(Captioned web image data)

━━━

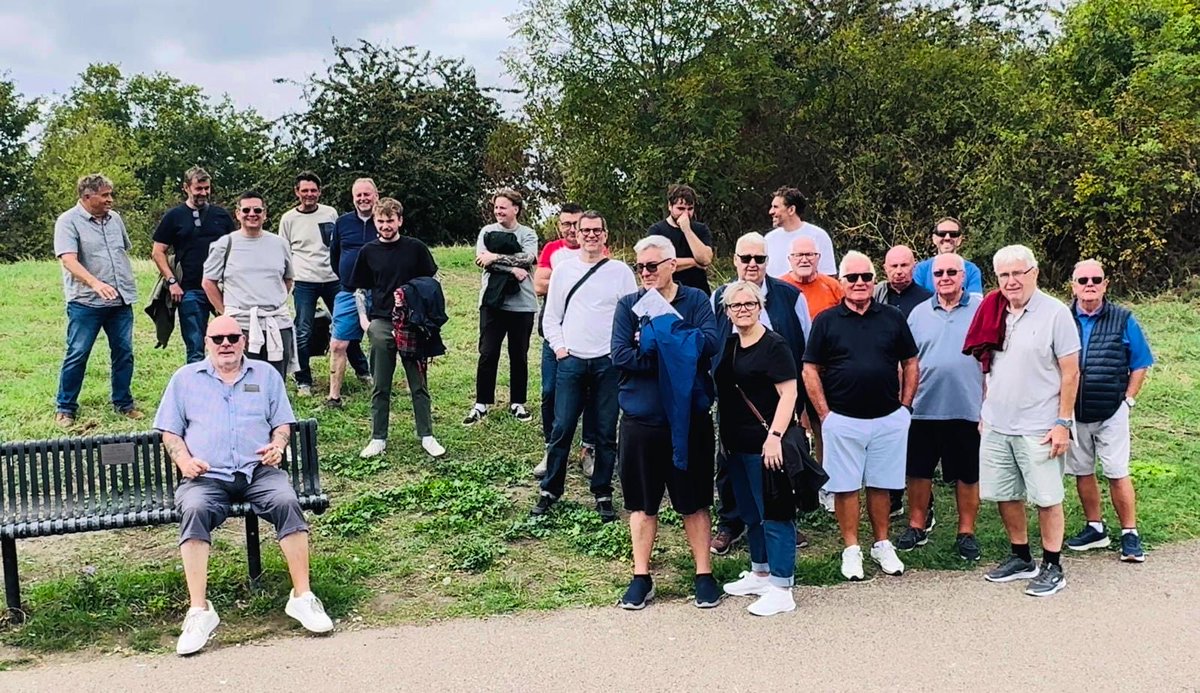 MillwallTour's tweet photo. Judging by some amazing feedback and reviews - everyone had a great time on the Isle of Dogs on 2 tours over the weekend.
Next event Sat 14th Nov https://t.co/r0ByKOGNHo
#MillwallHistoryTour #MillwallHeritage #EastLondonHistory #MillwallFC #IsleOfDogs #Docklands #AlexNeilEA https://t.co/wOdX0px2Ey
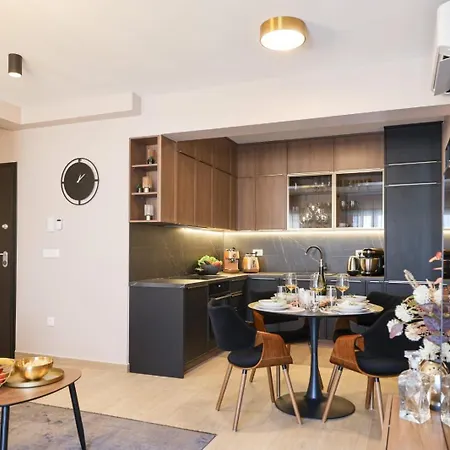 Belvedere - Garden And Jacuzzi Apartament *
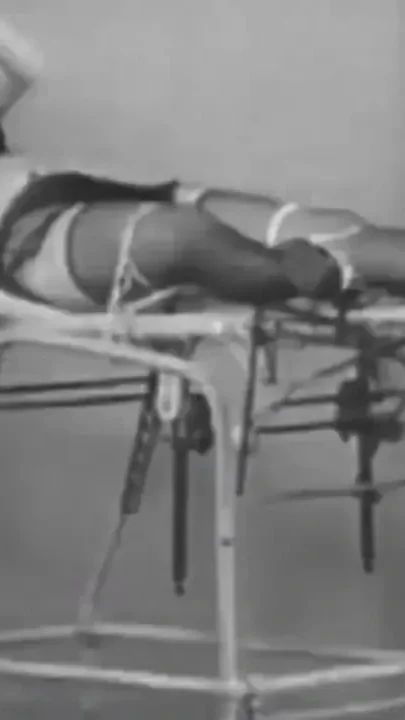 Incredibly sexy vintage brunette in heat
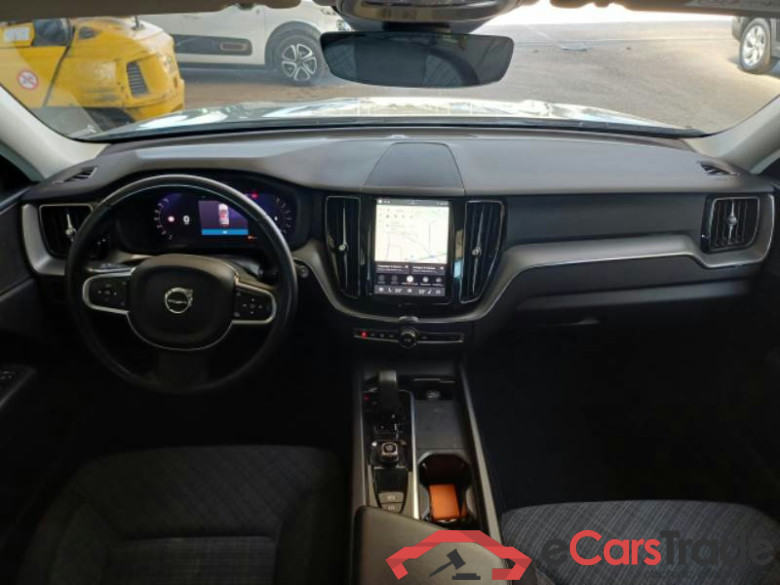 VOLVO XC60 / 2021 / 5P / FUORISTRADA B4 D AWD AUTOMATICO CORE N1 #3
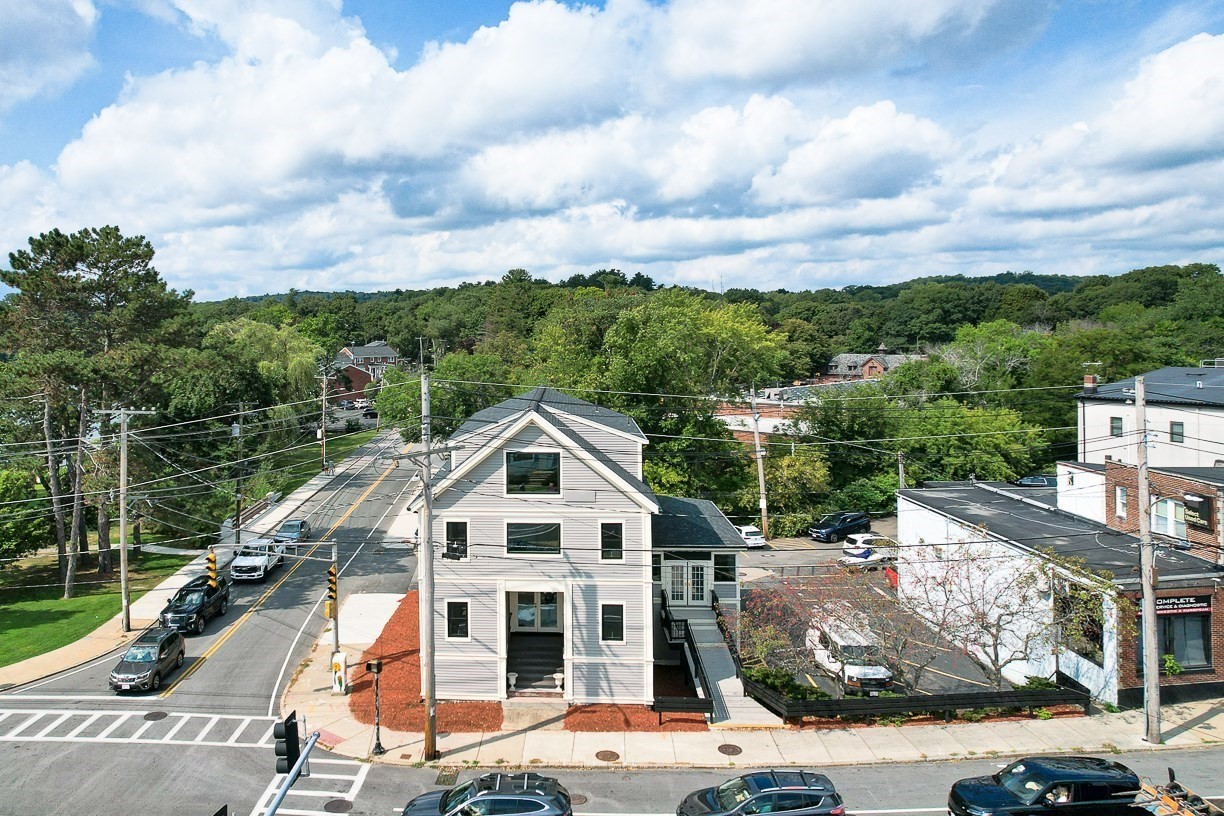 724 Main St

━━━

**EXERCISE AIM**:
Please write out every entry exactly, but skip the pictures.

**ANSWER SPACE**:
 MillwallTour's tweet photo. Judging by some amazing feedback and reviews - everyone had a great time on the Isle of Dogs on 2 tours over the weekend.
Next event Sat 14th Nov https://t.co/r0ByKOGNHo
#MillwallHistoryTour #MillwallHeritage #EastLondonHistory #MillwallFC #IsleOfDogs #Docklands #AlexNeilEA https://t.co/wOdX0px2Ey
 Belvedere - Garden And Jacuzzi Apartament *
 Incredibly sexy vintage brunette in heat
 VOLVO XC60 / 2021 / 5P / FUORISTRADA B4 D AWD AUTOMATICO CORE N1 #3
 724 Main St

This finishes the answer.